▶ _Your objective_:
All of the data should be reproduced word for word, though its pictures must be omitted.

▶ _Collected data_:
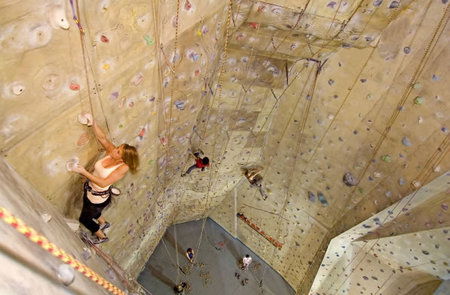 Cliffhanger Climbing Gym - Accommodation Daintree 3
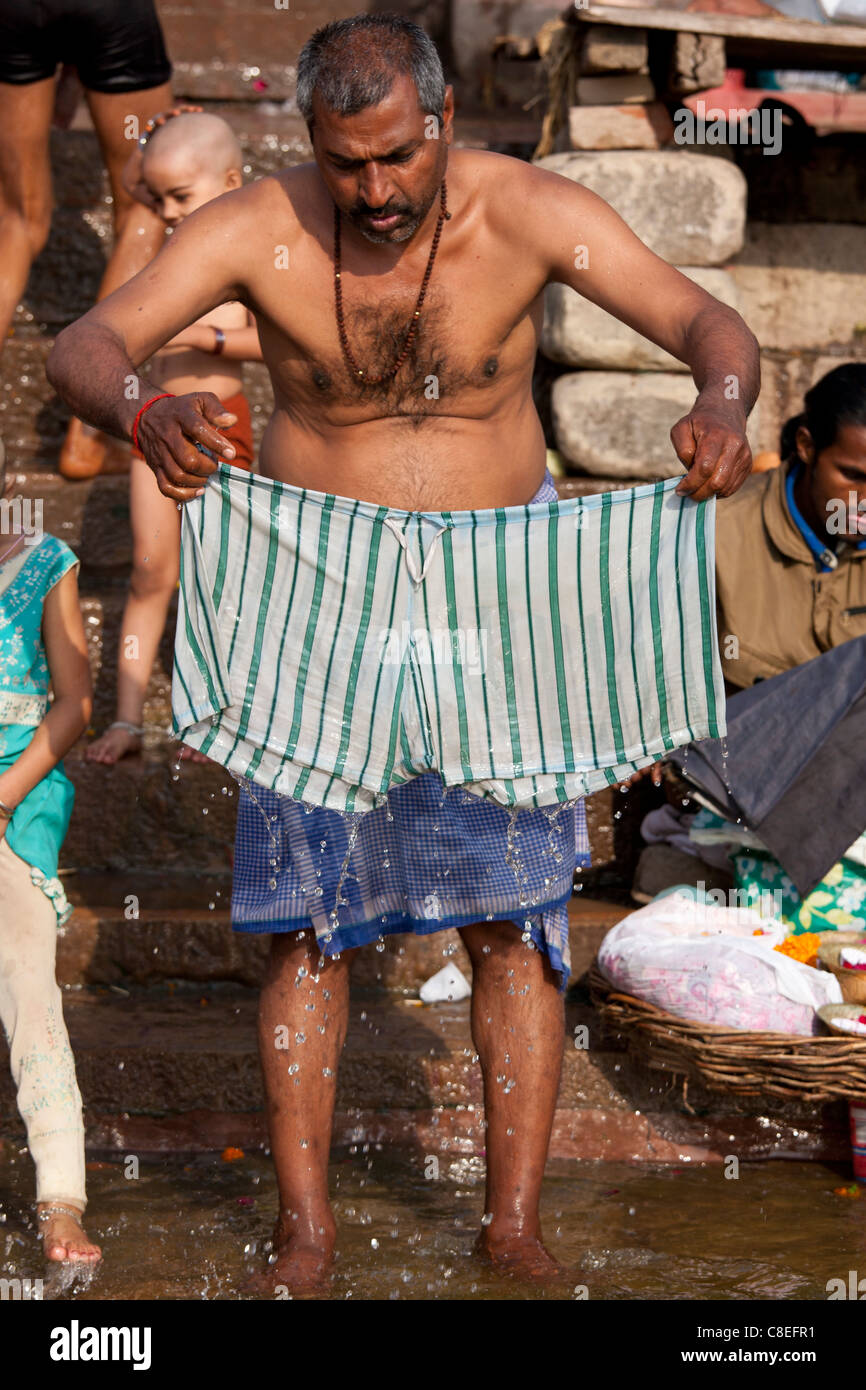 Indisch-hinduistischen Pilger Baden und waschen seine Kleider in der Ganges-Fluss am Dashashwamedh Ghat in Varanasi, Indien Stockfoto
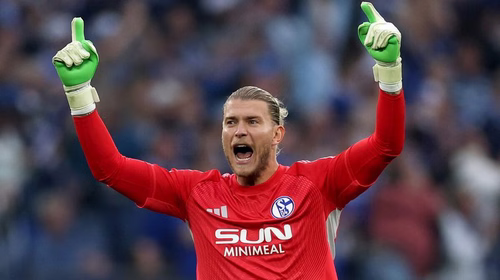 „Das war der Schlüssel“: Neuer adelt Schalke-Held Karius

▶ _Written answer_:
 Cliffhanger Climbing Gym - Accommodation Daintree 3
 Indisch-hinduistischen Pilger Baden und waschen seine Kleider in der Ganges-Fluss am Dashashwamedh Ghat in Varanasi, Indien Stockfoto
 „Das war der Schlüssel“: Neuer adelt Schalke-Held Karius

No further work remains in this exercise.